Author and essayist Gore Vidal dies aged 86
American author and political commentator Gore Vidal has died aged 86 at his home in Los Angeles.
Bernard Levin described Vidal’s third novel, The City and The Pillar, published in 1948 when he was 23 and written two years before as the “first serious American homosexual novel”.
The novel caused a furore for its dispassionate depiction of an athletic young man coming to terms with his homosexuality and fixation on tracking down the friend with him he had an adolescent gay experience.
Gore was forced to write under pseudonyms for years following the novel’s publication.
Reportedly a distant cousin of Jimmy Carter, Vidal’s mother married Hugh D. Auchincloss who became step-father to Jacqueline Kennedy Onassis.

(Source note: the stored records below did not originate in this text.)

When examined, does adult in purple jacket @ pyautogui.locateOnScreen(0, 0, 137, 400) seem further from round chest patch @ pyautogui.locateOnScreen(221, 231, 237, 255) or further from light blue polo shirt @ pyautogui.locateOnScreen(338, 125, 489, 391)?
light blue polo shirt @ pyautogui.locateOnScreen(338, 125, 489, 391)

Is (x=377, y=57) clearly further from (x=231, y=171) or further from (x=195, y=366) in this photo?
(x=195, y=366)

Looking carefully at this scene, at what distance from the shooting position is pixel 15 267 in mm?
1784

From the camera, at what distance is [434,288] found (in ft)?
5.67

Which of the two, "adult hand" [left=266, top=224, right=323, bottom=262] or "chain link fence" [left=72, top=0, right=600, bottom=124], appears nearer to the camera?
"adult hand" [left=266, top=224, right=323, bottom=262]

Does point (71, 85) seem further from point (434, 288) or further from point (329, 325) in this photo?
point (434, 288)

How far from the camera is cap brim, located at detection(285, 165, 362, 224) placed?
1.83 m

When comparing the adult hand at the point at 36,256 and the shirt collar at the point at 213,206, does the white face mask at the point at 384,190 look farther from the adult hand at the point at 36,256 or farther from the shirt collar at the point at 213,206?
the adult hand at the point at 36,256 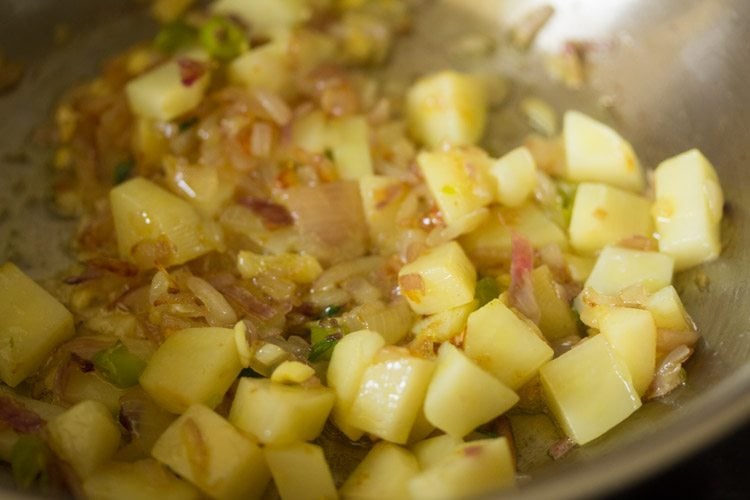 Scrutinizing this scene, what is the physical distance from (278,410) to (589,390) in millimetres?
827

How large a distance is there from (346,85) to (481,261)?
36.7 inches

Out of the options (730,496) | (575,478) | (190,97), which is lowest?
(730,496)

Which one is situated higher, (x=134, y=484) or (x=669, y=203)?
(x=669, y=203)

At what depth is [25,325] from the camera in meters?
2.54

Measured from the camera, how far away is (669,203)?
2799 mm

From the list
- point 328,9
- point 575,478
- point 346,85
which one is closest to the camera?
point 575,478

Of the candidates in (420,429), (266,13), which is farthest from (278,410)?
(266,13)

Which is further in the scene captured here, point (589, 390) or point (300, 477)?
point (589, 390)

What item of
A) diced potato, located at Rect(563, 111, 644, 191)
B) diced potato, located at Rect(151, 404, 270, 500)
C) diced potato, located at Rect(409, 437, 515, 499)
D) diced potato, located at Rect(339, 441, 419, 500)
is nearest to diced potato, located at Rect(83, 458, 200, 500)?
diced potato, located at Rect(151, 404, 270, 500)

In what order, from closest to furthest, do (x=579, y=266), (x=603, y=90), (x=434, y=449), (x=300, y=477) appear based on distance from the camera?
(x=300, y=477)
(x=434, y=449)
(x=579, y=266)
(x=603, y=90)


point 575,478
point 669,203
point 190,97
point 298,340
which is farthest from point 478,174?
point 575,478

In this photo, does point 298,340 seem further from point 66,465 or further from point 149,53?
point 149,53

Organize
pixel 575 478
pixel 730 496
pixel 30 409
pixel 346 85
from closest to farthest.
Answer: pixel 575 478, pixel 730 496, pixel 30 409, pixel 346 85

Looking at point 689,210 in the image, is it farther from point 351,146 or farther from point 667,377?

He ran for Congress twice, unsuccessfully, but became known widely in the US for his political commentary. He was described as the last century’s “finest essayist”. He was given the annual Medal for Distinguished Contribution to American Letters by the National Book Foundation in 2009.
Connected for decades with the treatment of homosexuality in The City and The Pillar, in 1969 he wrote: “Certain societies at certain times, usually in the interest of maintaining the baby supply, have discouraged homosexuality. Other societies, particularly militaristic ones, have exalted it.
“But regardless of tribal taboos, homosexuality is a constant fact of the human condition and it is not a sickness, not a sin, not a crime […] despite the best efforts of our puritan tribe to make it all three. Homosexuality is as natural as heterosexuality.”
In total, he published 25 novels and more than 200 essays.
Mr Vidal’s nephew, director Burr Steers said he had been ill “for some time” before his death yesterday.